Write out an exact copy of the line containing "A misteriosa árvore enevoada" and all lines that follow it in the data below, leaving out pictures.

**Raw data:**
Start of Block

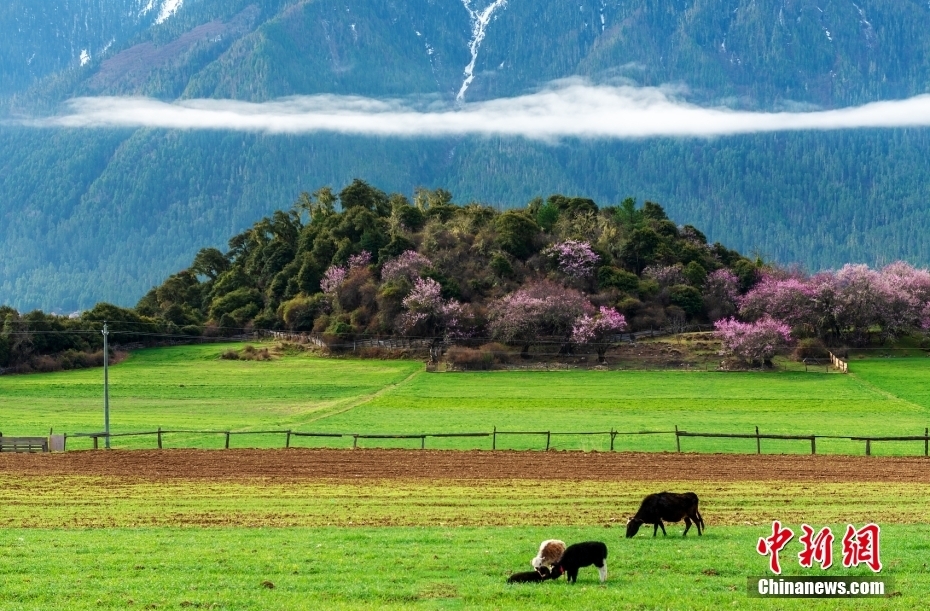 【这个城市有点潮】林芝:云端上的"桃花源"_凤凰网资讯_凤凰网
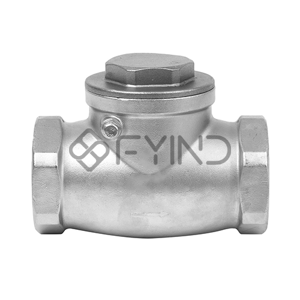 Check Valve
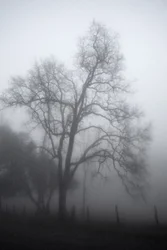 A misteriosa árvore enevoada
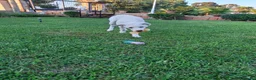 Meticcio cani in regalo: YOSHI 💙 quel sorriso merita una famiglia 😍😍 a Provincia di Brescia - Annuncio 6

End of Block

**Reply to the exercise:**
 A misteriosa árvore enevoada
 Meticcio cani in regalo: YOSHI 💙 quel sorriso merita una famiglia 😍😍 a Provincia di Brescia - Annuncio 6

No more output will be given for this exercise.